Risparmio, due giorni per votare la riforma

da Roma

Due giorni per la riforma del risparmio. È quanto il Senato si è concesso, la prossima settimana, per il voto sul provvedimento in cui verrà convogliata la riforma della banca d’Italia approvata dal governo. La discussione sul disegno di legge è stata rinviata a mercoledì 5 ottobre, e dovrà concludersi entro il 7, data in cui prende il via la sessione di bilancio con l’esame della finanziaria.

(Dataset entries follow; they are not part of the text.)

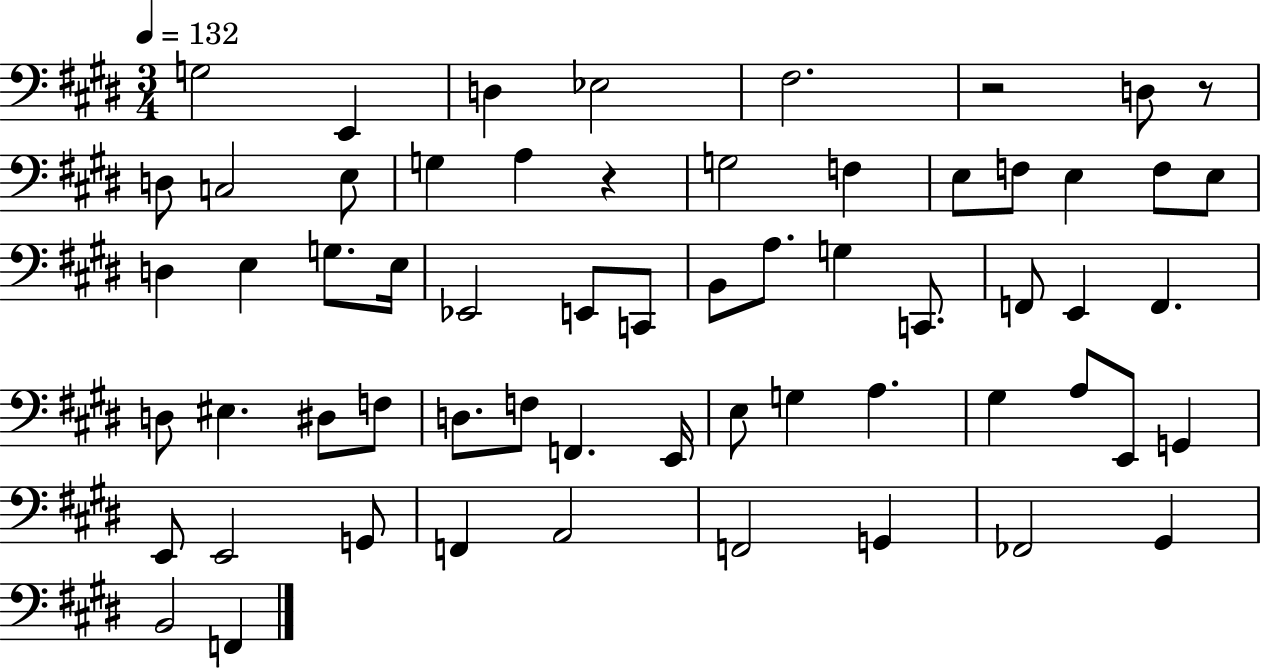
{
  \clef bass
  \numericTimeSignature
  \time 3/4
  \key e \major
  \tempo 4 = 132
  g2 e,4 | d4 ees2 | fis2. | r2 d8 r8 | \break d8 c2 e8 | g4 a4 r4 | g2 f4 | e8 f8 e4 f8 e8 | \break d4 e4 g8. e16 | ees,2 e,8 c,8 | b,8 a8. g4 c,8. | f,8 e,4 f,4. | \break d8 eis4. dis8 f8 | d8. f8 f,4. e,16 | e8 g4 a4. | gis4 a8 e,8 g,4 | \break e,8 e,2 g,8 | f,4 a,2 | f,2 g,4 | fes,2 gis,4 | \break b,2 f,4 | \bar "|."
}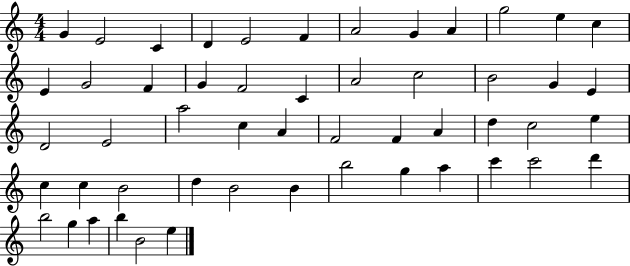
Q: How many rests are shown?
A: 0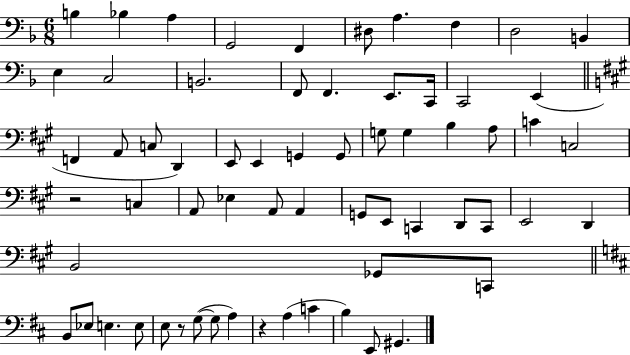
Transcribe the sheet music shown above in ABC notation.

X:1
T:Untitled
M:6/8
L:1/4
K:F
B, _B, A, G,,2 F,, ^D,/2 A, F, D,2 B,, E, C,2 B,,2 F,,/2 F,, E,,/2 C,,/4 C,,2 E,, F,, A,,/2 C,/2 D,, E,,/2 E,, G,, G,,/2 G,/2 G, B, A,/2 C C,2 z2 C, A,,/2 _E, A,,/2 A,, G,,/2 E,,/2 C,, D,,/2 C,,/2 E,,2 D,, B,,2 _G,,/2 C,,/2 B,,/2 _E,/2 E, E,/2 E,/2 z/2 G,/2 G,/2 A, z A, C B, E,,/2 ^G,,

Il provvedimento sul risparmio, scritto da Giulio Tremonti sull’onda degli scandali Cirio e Parmalat e poi abbondantemente rimaneggiato, rischia dunque un rinvio a gennaio dell’anno prossimo. Finora l’assemblea di Palazzo Madama ha approvato solo il primo articolo del ddl, e appare difficile che si possa varare l’intero testo in 48 ore. Ottimista, nonostante tutto, il relatore Maurizio Eufemi: «Ci sono i tempi per approvare il provvedimento entro la prossima settimana. La conferenza dei capigruppo - prevede il senatore centrista - deciderà il contingentamento dei tempi». Lo stesso Eufemi condiziona tuttavia il risultato all’atteggiamento dell’opposizione, che nelle ultime sedute ha praticato l’ ostruzionismo.
«Il problema non è Fazio, ma il varo di una credibile riforma del risparmio», commenta l’ex commissario europeo Mario Monti. «Se si attribuisce all’Antitrust la concorrenza bancaria - aggiunge - la permanenza dell’attuale governatore è quasi irrilevante».